Entries provided:

┄┄┄┄┄┄

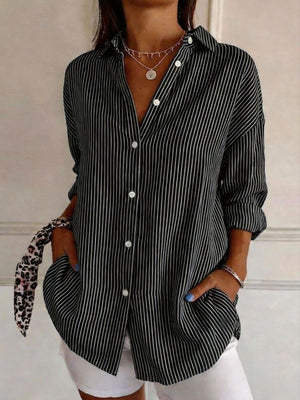 button-down shirt in White with buttoned and hip-length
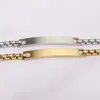 Nuevo Producto Transfronterizo Europeo y Americano Cadena de Perlas Curvada Brillante Simple Personalizada de 6 mm Pulsera de Acero Inoxidable para Mujer con Logo Láser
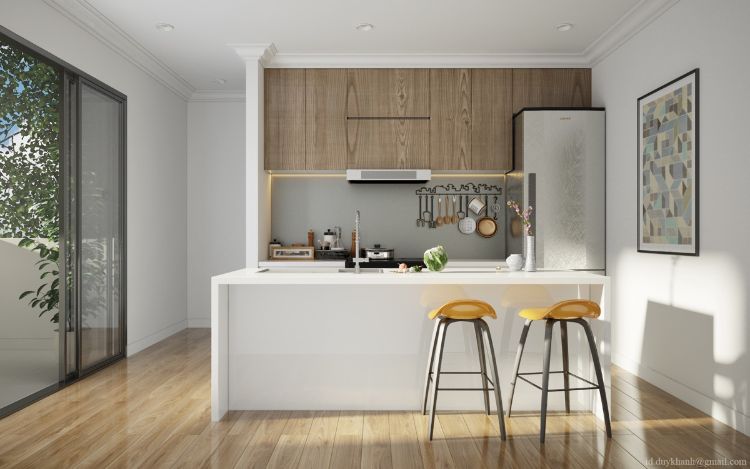 cozinha moderna-madeira-frentes-cinza-proteção contra respingos-branco-cozinha ilha-banquinho de bar de alto brilho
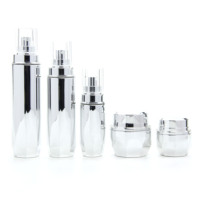 Emballage exclusif Design Cosmétique Maquillage Ensemble Vide Verre Cheveux Soins Paquet Peau Émulsion Pompe Bouteille avec Pot de Crème
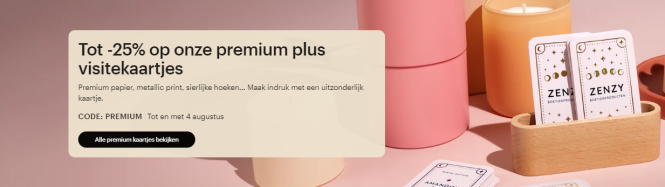 Tot -25% de premium plus visitekaartjes van Vistaprint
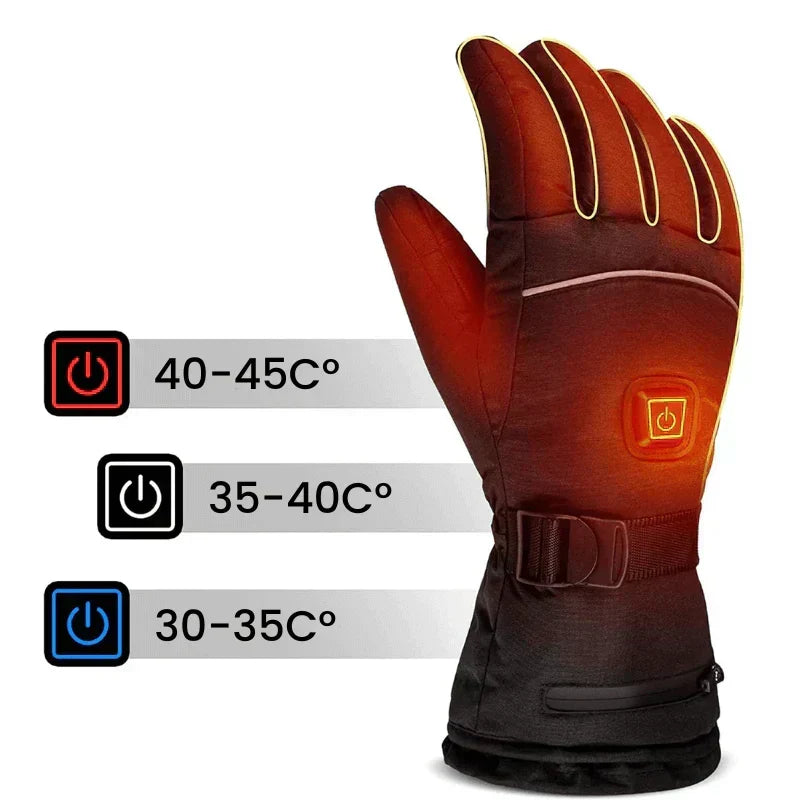Thermogrip verwarmde handschoenen – waterdicht unisex handschoenen met 3 verwarming niveaus en touchscreen functie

┄┄┄┄┄┄

The task:
Only the pictures are to be left out; print everything else in the listing exactly.

Answer:
 button-down shirt in White with buttoned and hip-length
 Nuevo Producto Transfronterizo Europeo y Americano Cadena de Perlas Curvada Brillante Simple Personalizada de 6 mm Pulsera de Acero Inoxidable para Mujer con Logo Láser
 cozinha moderna-madeira-frentes-cinza-proteção contra respingos-branco-cozinha ilha-banquinho de bar de alto brilho
 Emballage exclusif Design Cosmétique Maquillage Ensemble Vide Verre Cheveux Soins Paquet Peau Émulsion Pompe Bouteille avec Pot de Crème
 Tot -25% de premium plus visitekaartjes van Vistaprint
Thermogrip verwarmde handschoenen – waterdicht unisex handschoenen met 3 verwarming niveaus en touchscreen functie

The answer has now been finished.